Since this seems to be where OP is struggling, I’m writing answer to prove the following: if on each $[-n, n]$, $f_k^{(m)} \to g^{(m)}$ uniformly, then $d(f_k, g) \to 0$.

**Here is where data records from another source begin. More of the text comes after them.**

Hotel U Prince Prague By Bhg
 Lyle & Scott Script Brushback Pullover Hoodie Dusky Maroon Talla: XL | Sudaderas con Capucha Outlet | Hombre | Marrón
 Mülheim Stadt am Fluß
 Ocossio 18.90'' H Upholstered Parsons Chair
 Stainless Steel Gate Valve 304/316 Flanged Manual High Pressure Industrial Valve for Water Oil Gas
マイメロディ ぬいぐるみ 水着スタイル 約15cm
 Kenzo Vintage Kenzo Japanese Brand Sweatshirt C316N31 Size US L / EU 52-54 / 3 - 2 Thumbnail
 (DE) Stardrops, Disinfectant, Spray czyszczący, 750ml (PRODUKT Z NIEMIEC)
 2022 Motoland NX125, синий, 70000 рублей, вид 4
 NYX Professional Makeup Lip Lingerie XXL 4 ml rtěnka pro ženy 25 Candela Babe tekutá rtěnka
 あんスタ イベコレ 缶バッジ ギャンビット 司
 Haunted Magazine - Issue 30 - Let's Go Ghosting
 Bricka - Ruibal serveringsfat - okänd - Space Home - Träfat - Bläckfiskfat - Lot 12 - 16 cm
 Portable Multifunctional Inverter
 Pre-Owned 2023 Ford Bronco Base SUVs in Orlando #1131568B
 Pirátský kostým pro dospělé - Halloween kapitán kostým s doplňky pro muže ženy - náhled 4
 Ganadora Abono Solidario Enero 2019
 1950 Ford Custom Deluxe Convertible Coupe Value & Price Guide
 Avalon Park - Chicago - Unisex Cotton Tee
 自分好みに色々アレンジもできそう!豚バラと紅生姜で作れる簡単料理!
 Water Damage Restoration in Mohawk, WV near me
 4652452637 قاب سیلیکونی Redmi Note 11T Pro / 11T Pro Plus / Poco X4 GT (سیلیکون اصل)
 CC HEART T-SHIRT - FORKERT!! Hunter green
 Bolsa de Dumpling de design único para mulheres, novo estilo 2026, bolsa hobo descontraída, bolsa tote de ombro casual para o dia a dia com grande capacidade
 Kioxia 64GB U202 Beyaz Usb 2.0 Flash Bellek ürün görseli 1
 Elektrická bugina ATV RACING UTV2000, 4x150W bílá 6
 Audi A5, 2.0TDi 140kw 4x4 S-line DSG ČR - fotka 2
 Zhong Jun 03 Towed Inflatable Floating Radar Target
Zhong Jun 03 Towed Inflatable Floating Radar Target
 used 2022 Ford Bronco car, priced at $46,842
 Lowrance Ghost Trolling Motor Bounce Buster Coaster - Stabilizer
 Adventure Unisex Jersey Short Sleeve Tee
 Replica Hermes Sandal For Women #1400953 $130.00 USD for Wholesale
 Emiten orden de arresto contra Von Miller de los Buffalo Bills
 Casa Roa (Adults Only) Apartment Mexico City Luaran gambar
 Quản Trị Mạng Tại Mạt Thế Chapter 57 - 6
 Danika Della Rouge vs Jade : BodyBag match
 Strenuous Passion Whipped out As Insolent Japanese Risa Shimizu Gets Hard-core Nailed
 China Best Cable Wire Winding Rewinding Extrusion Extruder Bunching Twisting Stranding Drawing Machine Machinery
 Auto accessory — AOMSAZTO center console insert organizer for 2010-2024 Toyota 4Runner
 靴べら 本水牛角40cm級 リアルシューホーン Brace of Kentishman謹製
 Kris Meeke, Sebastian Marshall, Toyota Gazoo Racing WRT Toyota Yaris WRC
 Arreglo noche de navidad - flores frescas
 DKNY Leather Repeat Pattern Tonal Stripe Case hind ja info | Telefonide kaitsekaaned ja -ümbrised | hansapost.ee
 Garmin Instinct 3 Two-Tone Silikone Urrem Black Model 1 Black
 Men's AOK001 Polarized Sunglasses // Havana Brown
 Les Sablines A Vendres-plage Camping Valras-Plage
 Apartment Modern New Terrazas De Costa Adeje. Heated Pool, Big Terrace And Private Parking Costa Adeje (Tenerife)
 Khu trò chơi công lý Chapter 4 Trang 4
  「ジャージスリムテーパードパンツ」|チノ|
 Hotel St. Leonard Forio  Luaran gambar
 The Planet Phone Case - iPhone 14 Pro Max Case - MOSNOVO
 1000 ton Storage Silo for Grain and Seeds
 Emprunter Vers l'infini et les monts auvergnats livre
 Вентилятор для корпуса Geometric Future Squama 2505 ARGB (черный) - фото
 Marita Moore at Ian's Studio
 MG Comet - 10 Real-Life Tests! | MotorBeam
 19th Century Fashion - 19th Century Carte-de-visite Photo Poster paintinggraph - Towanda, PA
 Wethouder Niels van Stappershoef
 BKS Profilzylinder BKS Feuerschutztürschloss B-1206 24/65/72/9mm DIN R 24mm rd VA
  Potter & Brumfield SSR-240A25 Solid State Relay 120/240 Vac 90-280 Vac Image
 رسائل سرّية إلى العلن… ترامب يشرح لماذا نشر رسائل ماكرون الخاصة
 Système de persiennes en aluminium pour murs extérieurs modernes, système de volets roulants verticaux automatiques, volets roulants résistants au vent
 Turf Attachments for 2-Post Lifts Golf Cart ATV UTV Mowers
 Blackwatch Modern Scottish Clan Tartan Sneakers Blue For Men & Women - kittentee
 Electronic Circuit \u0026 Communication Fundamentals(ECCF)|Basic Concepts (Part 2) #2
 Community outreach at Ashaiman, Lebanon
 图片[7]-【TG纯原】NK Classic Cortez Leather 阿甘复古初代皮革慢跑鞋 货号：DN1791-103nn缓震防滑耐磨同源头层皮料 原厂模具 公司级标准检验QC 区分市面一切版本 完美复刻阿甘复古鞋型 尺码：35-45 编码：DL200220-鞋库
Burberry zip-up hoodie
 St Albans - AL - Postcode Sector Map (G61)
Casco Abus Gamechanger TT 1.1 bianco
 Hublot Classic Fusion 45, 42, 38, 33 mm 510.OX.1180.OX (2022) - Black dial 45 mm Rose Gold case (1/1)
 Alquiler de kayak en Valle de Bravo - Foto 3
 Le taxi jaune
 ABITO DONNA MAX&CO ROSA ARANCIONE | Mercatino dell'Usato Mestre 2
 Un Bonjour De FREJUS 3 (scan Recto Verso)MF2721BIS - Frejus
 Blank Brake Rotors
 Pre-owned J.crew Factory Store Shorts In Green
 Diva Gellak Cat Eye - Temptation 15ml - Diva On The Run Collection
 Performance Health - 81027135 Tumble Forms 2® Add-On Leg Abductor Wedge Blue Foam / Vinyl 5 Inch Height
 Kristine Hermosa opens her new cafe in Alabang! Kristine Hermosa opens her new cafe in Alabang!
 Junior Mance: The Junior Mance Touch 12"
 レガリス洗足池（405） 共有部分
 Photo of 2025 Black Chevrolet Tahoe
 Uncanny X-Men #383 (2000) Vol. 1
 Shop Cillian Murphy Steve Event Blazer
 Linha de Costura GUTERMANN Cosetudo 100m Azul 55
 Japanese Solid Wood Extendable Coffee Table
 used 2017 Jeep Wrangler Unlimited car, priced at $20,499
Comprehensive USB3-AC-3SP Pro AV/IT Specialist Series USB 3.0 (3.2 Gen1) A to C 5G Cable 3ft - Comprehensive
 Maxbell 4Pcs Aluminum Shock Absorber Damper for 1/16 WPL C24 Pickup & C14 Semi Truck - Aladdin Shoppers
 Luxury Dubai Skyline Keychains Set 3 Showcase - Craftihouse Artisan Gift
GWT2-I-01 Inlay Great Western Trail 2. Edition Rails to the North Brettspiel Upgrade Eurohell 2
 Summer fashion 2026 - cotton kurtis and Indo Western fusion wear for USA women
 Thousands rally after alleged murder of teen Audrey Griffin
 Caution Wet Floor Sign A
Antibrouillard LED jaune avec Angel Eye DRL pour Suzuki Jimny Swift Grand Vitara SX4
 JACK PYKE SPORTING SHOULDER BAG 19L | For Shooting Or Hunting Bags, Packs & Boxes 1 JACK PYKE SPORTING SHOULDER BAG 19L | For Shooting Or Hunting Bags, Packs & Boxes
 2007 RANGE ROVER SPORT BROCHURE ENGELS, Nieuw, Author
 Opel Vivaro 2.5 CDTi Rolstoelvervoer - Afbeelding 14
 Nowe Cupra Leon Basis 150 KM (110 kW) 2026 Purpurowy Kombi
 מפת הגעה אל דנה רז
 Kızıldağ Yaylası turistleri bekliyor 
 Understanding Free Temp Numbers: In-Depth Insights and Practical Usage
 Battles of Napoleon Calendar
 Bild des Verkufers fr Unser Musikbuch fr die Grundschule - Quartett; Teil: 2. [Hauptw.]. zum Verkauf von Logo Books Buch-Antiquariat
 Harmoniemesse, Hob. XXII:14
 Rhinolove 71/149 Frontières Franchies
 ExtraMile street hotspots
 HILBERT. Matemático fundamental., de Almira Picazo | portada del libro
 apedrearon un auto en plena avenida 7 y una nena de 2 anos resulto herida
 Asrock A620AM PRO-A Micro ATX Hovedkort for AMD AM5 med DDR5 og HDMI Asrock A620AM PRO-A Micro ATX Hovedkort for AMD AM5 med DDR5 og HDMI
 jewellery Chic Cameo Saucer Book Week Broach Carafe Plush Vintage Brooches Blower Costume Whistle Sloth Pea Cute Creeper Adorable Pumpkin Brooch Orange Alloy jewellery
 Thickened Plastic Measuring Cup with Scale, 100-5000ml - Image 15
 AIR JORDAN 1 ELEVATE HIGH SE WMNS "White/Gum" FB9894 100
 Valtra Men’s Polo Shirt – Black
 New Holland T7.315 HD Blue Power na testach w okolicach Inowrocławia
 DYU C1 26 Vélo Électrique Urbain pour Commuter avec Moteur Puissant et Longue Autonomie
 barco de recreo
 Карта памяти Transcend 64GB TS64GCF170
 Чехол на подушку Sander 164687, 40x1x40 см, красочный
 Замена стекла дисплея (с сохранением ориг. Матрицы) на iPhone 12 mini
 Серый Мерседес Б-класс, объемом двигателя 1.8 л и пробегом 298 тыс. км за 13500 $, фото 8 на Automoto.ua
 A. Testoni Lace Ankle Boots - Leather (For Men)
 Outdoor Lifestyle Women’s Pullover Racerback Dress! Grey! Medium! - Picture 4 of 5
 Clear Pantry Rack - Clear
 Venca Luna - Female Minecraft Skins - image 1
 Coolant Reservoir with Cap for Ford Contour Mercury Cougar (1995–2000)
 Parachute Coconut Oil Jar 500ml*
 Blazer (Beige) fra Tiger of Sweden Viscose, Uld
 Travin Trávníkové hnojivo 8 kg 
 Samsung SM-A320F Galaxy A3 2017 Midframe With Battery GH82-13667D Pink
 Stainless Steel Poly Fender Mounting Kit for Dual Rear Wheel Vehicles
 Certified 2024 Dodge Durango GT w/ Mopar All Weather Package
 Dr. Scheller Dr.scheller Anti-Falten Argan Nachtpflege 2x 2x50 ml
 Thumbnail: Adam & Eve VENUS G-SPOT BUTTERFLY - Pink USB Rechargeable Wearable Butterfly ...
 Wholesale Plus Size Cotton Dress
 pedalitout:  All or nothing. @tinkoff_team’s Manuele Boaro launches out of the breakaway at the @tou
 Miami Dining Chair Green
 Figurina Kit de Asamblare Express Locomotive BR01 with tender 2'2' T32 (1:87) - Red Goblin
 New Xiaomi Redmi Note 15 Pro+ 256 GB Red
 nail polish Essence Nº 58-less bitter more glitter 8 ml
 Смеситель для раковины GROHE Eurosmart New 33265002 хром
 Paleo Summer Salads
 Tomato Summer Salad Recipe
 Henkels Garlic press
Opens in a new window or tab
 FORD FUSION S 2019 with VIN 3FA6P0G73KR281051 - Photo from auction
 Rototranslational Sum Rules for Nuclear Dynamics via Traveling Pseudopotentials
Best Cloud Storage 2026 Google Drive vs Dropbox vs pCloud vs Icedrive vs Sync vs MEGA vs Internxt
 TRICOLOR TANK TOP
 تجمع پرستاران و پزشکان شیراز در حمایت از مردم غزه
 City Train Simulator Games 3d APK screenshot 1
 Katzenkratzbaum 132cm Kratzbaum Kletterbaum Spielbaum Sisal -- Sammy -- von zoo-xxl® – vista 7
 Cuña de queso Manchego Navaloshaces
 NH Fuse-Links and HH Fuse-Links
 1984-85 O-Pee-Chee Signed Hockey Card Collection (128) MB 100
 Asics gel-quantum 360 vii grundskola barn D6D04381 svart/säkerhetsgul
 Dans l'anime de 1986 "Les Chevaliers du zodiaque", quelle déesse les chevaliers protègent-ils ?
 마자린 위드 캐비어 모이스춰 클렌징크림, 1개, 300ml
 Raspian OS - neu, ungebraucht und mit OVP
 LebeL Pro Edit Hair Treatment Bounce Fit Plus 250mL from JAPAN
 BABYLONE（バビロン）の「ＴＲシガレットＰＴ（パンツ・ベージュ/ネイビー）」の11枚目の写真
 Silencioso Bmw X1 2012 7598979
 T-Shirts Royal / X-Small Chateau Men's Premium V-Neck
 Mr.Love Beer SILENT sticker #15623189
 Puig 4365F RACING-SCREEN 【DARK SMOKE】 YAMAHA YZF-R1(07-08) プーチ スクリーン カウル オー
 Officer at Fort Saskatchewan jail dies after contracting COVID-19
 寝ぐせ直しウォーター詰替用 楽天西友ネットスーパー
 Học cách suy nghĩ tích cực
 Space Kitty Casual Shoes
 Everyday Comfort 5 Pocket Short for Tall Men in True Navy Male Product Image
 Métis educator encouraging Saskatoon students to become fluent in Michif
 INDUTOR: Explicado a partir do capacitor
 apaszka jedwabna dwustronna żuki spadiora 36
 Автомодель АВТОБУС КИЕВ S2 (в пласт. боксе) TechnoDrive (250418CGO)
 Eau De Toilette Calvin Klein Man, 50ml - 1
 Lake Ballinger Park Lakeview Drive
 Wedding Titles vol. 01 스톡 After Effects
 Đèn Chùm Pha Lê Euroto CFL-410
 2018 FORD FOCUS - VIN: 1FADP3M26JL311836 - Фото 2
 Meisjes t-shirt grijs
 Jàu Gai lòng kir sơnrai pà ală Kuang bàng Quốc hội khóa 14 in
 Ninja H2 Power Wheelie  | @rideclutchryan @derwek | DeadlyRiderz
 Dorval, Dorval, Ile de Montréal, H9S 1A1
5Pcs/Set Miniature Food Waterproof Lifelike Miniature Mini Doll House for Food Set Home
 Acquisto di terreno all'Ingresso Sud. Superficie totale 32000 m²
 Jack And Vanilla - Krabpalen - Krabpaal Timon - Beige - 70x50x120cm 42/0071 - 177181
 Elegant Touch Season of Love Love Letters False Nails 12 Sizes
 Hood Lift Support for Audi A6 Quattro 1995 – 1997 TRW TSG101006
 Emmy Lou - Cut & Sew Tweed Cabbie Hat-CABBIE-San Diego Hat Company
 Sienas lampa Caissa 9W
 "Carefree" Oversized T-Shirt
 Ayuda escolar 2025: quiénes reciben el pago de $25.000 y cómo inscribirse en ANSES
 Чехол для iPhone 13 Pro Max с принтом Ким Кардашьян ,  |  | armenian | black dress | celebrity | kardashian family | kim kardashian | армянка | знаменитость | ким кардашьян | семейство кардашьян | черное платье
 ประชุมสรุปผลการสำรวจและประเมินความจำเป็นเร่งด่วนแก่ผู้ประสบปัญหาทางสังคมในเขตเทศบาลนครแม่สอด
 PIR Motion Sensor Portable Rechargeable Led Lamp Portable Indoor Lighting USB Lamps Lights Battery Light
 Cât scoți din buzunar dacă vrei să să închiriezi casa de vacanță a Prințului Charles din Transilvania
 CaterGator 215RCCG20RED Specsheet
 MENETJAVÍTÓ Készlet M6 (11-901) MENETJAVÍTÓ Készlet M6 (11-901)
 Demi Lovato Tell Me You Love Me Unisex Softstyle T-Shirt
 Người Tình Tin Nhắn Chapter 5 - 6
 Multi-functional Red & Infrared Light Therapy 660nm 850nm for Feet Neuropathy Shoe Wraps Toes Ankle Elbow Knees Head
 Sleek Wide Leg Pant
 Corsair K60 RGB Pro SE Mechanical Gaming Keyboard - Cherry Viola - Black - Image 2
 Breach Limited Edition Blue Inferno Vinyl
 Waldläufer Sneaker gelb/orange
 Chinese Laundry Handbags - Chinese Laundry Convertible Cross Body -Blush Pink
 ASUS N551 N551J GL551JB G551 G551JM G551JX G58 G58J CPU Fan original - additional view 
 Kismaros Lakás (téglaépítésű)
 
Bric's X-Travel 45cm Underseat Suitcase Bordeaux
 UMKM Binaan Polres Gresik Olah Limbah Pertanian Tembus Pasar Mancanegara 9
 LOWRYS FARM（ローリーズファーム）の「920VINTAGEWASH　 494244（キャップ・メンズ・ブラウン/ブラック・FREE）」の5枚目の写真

Let $\epsilon > 0$. Then there exists $N > 0$ s.t. $\sum_{n \geq N \vee m \geq N} 2^{-n-m} < \epsilon/2$ (here, $\vee$ means or). Thus,
$$d(f_k, g) < \sum_{n, m = 0}^{N-1} 2^{-n-m}\frac{\sup_{x\in\mathbb{R}:|x|\leq n} |f^{(m)}(x)-g^{(m)}(x)|}{1+\sup_{x\in\mathbb{R}:|x|\leq n} |f^{(m)}(x)-g^{(m)}(x)|} + \frac{\epsilon}{2}$$
Since for each $n$ and $m$, on $[-n, n]$, $f_k^{(m)} \to g^{(m)}$ uniformly, there exists $K > 0$ s.t., whenever $k \geq K$,
$$\frac{\sup_{x\in\mathbb{R}:|x|\leq n} |f^{(m)}(x)-g^{(m)}(x)|}{1+\sup_{x\in\mathbb{R}:|x|\leq n} |f^{(m)}(x)-g^{(m)}(x)|} < \frac{2^{n + m}}{2N^2}\epsilon$$
For all $n, m \leq N$. Thus, whenever $k \geq K$,
$$\begin{split} d(f_k, g) &< \sum_{n, m = 0}^{N-1} 2^{-n-m}\frac{\sup_{x\in\mathbb{R}:|x|\leq n} |f^{(m)}(x)-g^{(m)}(x)|}{1+\sup_{x\in\mathbb{R}:|x|\leq n} |f^{(m)}(x)-g^{(m)}(x)|} + \frac{\epsilon}{2}\\ &< \sum_{n, m = 0}^{N-1} 2^{-n-m} \frac{2^{n + m}}{2N^2}\epsilon + \frac{\epsilon}{2}\\ &= \epsilon \end{split}$$
So $d(f_k,g) \to 0$, as required.